1. ## 3 Physics Questions

1. You want to launch a satellite into a circular orbit at an altitude of 16,000 km (above Earth's surface). What launch speed will be required?

A: 1.0 x 10^4 m/s

2. In a joint international effort, two rockets are launched from Earth's surface. One has an initial velocity of 13 km/s and the other 19 km/s. How fast is each moving when it crosses the Moon's orbit (3.84 x 10^8 m)?

6.8 km/s; 15 km/s

3. A 460 kg satellite is launched into a circular orbit and attains an orbital altitude of 850 km above Earth's surface. Calculate the additional energy and speed required for the satellite to escape.

2.2 x 10^9 J; 3.1 km/s

2. Originally Posted by kenan
1. You want to launch a satellite into a circular orbit at an altitude of 16,000 km (above Earth's surface). What launch speed will be required?

A: 1.0 x 10^4 m/s
I tend to forget formulas. There is probably a nice, simple equation you can use to solve this, but here is a derivation:

We will need to account for the speed necessary for the satellite to go into a circular orbit, so let's find that speed first.

We know that the only force to act on the satellite is the Earth's gravity, so the force of gravity is equal to the centripetal force on the satellite:
$F_G = F_c$

$\frac{GmM_E}{r^2} = \frac{mv^2}{r}$
where m is the mass of the satellite and r is the distance from the center of the Earth to the satellite. (r is NOT 16000 km!)

Solving for v I get:
$v = \sqrt{\frac{GM_E}{r}}$
(You can calculate out what number this is, I'm going to leave it as a formula for now. As a reference, it's about $4200~m/s$ using $R_E = 6.367\times 10^6~m$.)

Now, for the launch.

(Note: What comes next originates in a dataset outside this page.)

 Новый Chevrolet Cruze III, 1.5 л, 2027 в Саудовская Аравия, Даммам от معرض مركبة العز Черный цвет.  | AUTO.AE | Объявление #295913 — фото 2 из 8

We know what speed we want at the end, thus we know what final kinetic energy we want left over.

So I'm going to set an origin where the rocket takes off and let +y be upward. Gravity is a conservative force, so there are no non-conservative forces present. (I'm assuming the satellite is just thrust upward all at once instead of being in a rocket thrusting it upward over time.)

So:
$W_{nc} = \Delta E$

$\Delta KE + \Delta PE = 0$

$\frac{1}{2}mv^2 - \frac{1}{2}mv_0^2 + -\frac{GmM_E}{r} - -\frac{GmM_E}{r_0} = 0$
(where I have set the 0 point for gravitational potential energy to be at infinity.)

We know the final speed, v, and we want $v_0$, (and note that $r_0 = R_E$, not 0.)
$\frac{1}{2}mv_0^2 = \frac{1}{2}mv^2 - \frac{GmM_E}{r} + \frac{GmM_E}{r_0}$

$v_0 = \sqrt{v^2 + 2GM_E \left ( \frac{1}{r_0} - \frac{1}{r} \right )}$

You can now plug your numbers in and get the answer. I'm going to stick that ugly expression in for v and see what comes out:
$v_0 = \sqrt{ \left ( \sqrt{\frac{GM_E}{r}} \right )^2 + 2GM_E \left ( \frac{1}{r_0} - \frac{1}{r} \right )}$

$v_0 = \sqrt{ \frac{GM_E}{r} + 2GM_E \left ( \frac{1}{r_0} - \frac{1}{r} \right )}$

$v_0 = \sqrt{GM_E \left ( \frac{2}{r_0} + \frac{1}{r} \right )}$

So I get:
$v_0 = 11963~m/s$

-Dan

3. Originally Posted by kenan
2. In a joint international effort, two rockets are launched from Earth's surface. One has an initial velocity of 13 km/s and the other 19 km/s. How fast is each moving when it crosses the Moon's orbit (3.84 x 10^8 m)?

6.8 km/s; 15 km/s
This is pretty much the same setup as the other problem, but this time we are solving for v, not $v_0$. So I'm just going to pluck out one of the equations from my previous post.
$\frac{1}{2}mv^2 - \frac{1}{2}mv_0^2 + -\frac{GmM_E}{r} - -\frac{GmM_E}{r_0} = 0$
(This came from the work-energy equation.)

We are looking for v so
$v = \sqrt{v_0^2 + \frac{2GM_E}{r} - \frac{2GM_E}{r_0}}$

$v = \sqrt{v_0^2 + 2GM_E \left ( \frac{1}{r} - \frac{1}{r_0} \right )}$

You can verify that this equation gives the correct answers.

-Dan

4. thanks a lot but for some reason im not getting the right answer in the first question, im getting 19971629.88. For $r_o$ i use 6.38 x 10^6, for r im using 2.238 x 10^7, G is 6.67 x 10^-11 and $M_E$ im using 5.98 x 10^24

Edit: well it seemed to work when i used the equation before your final one

5. Originally Posted by kenan
3. A 460 kg satellite is launched into a circular orbit and attains an orbital altitude of 850 km above Earth's surface. Calculate the additional energy and speed required for the satellite to escape.

2.2 x 10^9 J; 3.1 km/s
I don't agree with your book here.

First let's find the speed of the orbiting satellite.
$F_G = F_c$

blah blah blah. I already did this in the first problem, so just jump to the end:
$v = \sqrt{\frac{GM_E}{r}}$ <-- Again, you can calculate a number for this if you want.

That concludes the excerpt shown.